▶ **Exercise description**:
Establish how many lines of the material below contain the string "Property". Return that number by itself.
Top of Information supplied
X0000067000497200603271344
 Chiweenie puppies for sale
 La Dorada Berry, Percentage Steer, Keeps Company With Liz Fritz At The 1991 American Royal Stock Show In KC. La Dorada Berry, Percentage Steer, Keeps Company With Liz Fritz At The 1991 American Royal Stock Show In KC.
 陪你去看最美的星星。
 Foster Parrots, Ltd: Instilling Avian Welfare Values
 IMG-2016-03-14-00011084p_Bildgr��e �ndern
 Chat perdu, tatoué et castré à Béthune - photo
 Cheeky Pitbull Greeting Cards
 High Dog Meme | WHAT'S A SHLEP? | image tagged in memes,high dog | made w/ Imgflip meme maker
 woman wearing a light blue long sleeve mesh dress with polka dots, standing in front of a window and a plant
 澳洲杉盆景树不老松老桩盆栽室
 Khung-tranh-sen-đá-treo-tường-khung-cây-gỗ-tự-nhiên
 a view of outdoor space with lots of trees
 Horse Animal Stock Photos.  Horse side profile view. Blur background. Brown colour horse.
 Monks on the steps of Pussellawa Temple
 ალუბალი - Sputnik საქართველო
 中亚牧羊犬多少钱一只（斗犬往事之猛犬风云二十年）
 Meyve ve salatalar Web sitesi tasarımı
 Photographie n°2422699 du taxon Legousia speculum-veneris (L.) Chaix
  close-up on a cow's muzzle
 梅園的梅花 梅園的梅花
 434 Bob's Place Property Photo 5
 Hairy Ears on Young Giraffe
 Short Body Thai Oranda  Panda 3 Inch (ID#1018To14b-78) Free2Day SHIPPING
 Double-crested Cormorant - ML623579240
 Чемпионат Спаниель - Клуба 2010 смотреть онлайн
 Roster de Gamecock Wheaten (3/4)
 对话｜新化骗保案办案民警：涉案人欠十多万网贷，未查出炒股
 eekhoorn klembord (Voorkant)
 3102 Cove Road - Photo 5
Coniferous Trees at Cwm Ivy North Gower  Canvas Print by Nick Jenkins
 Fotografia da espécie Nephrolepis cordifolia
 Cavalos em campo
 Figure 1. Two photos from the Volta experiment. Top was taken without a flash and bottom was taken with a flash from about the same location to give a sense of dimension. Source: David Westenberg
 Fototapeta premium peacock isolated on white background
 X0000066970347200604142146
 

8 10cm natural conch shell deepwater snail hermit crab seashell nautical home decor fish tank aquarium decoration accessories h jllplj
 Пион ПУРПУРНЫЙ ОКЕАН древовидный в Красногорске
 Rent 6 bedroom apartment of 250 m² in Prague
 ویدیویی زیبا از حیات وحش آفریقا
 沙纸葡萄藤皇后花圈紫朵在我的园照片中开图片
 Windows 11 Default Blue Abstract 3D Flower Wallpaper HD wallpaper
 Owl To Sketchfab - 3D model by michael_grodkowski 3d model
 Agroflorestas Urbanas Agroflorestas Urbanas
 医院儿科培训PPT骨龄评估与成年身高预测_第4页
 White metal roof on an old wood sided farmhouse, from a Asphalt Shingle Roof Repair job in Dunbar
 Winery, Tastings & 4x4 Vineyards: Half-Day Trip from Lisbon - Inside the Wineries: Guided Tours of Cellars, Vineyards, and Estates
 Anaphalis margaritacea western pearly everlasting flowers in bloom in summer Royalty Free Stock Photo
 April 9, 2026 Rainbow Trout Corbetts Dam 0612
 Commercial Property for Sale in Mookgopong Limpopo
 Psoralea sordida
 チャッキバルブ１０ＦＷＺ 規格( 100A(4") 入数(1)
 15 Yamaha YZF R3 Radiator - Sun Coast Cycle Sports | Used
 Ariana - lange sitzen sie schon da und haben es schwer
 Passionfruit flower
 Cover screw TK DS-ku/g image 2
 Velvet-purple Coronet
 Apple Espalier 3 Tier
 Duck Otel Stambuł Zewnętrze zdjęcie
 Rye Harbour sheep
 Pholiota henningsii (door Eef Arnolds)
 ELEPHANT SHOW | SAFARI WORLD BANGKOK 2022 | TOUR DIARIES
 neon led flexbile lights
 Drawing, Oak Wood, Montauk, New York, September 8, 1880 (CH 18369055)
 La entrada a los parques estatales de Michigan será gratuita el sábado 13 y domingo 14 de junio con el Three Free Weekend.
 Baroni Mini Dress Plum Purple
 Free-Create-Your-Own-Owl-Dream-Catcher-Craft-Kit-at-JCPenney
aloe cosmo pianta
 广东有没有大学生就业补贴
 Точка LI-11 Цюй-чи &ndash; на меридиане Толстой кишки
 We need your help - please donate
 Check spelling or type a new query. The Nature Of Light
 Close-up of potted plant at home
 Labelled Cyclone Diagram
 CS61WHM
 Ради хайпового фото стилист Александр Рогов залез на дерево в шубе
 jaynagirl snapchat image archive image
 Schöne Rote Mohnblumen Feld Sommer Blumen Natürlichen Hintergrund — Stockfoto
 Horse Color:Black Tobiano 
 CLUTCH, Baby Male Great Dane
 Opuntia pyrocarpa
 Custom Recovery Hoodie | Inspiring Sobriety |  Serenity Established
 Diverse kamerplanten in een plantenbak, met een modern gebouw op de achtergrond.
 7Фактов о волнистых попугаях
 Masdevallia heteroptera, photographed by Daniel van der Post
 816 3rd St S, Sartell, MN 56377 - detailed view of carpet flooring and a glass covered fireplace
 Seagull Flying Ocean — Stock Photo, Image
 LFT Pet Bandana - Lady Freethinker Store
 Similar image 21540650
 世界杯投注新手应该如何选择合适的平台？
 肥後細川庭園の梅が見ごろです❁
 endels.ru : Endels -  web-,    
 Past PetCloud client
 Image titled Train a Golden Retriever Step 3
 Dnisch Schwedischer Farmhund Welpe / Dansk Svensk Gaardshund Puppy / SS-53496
Bottom of Information supplied
▶ **Exercise result**:
2